Pemerintah kolonial Inggris kemudian mengadopsi definisi tahun
1948 tersebut dan meredefinisi secara lebih singkat ketika mereka
memperkenalkan konsep pengembangan masyarakat di Malaysia. Pengembangan
masyarakat didefinisikan sebagai “suatu gerakan yang dirancang guna
meningkatkan taraf hidup keseluruhan masyarakat melalui partisipasi aktif dan
inisiatif dari masyarakat.” (Adi, 2008: 205).
b) Faktor tempat (place)
Selain di Inggris, awal dari
pengembangan masyarakat ditemukan juga di Amerika Serikat. Menurut Brokensha
dan Hodge (1969, dalam Adi, 2008: 206), pengembangan masyarakat bersumber dari
disiplin ilmu pendidikan, terutama perluasan pendidikan di tingkat pedesaan (rural extension program) yang diperkenalkan pada akhir
abad ke-18. Program pada masa itu berfokus pada pendidikan pertanian karena
banyak warga Amerika yang tinggal di pedesaan. Apabila dikaitkan dengan Ilmu
Kesejahteraan Sosial, Brokensha dan Hodge lebih melihat bahwa pengorganisasian
masyarakat (community organization) lebih banyak diterapkan di
perkotaan.
Berdasarkan sejarah di atas, maka
terlihat perbedaan antara pengorganisasian masyarakat (CO) dan pengembangan
masyarakat (CD). Perbedaannya terdapat pada faktor tempat (place), di mana pengorganisasian masyarakat (CO) lebih
mengarah ada daerah perkotaan (yang relatif sudah berkembang) dan pengembangan
masyarakat (CD) lebih mengarah pada daerah pedesaan (masyarakat relatif belum
berkembang).
c) Faktor tenaga profesional
Sejarah pengorganisasian
masyarakat di Amerika menggambarkan bahwa secara historis, perkembangan
pengorganisasian masyarakat (CO) di Amerika Serikat telah diawali sejak tahun
1865 (Cox dan Garvin, 1987, dalam Adi, 2008:206-207). Pada saat itu, kegiatan
komunitas telah melibatkan tenaga profesional yang bekerja sama dengan
masyarakat dari komunitas lokal (indigenous).
Pada periode 1865 – 1914 (periode
perang saudara/civil war dan awal perang dunia I), industrialisasi berkembang pesat dan
mengakibatkan terjadinya urbanisasi, masalah imigrasi, dan kependudukan. Aktivitas
pengorganisasian masyarakat pada periode ini dilakukan oleh individu ataupun
institusi tertentu, seperti charity organization societies, yang bergerak dalam bidang sosial ekonomi kelompok miskin, dan
reformasi sosial melalui settlement houses. Pada periode
1915 – 1929 (pasca Perang Dunia I) terjadi lonjakan urbanisasi dan sektor
industry yang potensial, serta semakin meningkatnya konflik sosial, dan muncul
krisis yang berkaitan dengan kebebasan masyarakat (civil liberties).
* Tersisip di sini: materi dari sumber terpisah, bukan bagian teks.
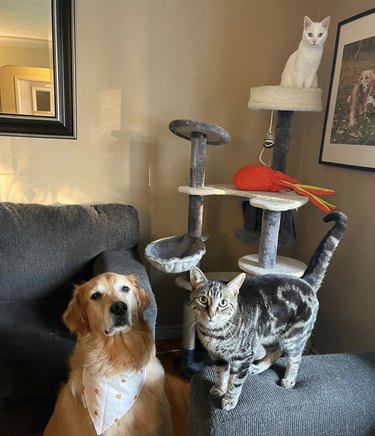 dog and two cats staring at the camera.
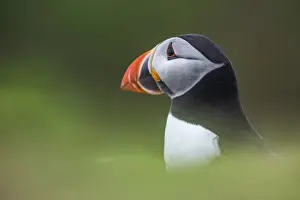 Puffin at the Wick, Skomer Island, Pembrokeshire Coast National Park, Wales, United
Pada periode ini institusi yang bergerak di bidang pengorganisasian masyarakat
mengalami peningkatan dan terjalin kerjasama antar-institusi. Kebutuhan lembaga
terhadap pendanaan pun mengalami peningkatan, seperti Community Chest, United Fund, dancouncil of social agencies yang kemudian beralih menjadi community welfare council. Perkembangan
profesi di bidang pengorganisasian masyarakat pada periode ini mulai menjadi
jelas, antara lain dengan dibuatnya buku “Community Organization)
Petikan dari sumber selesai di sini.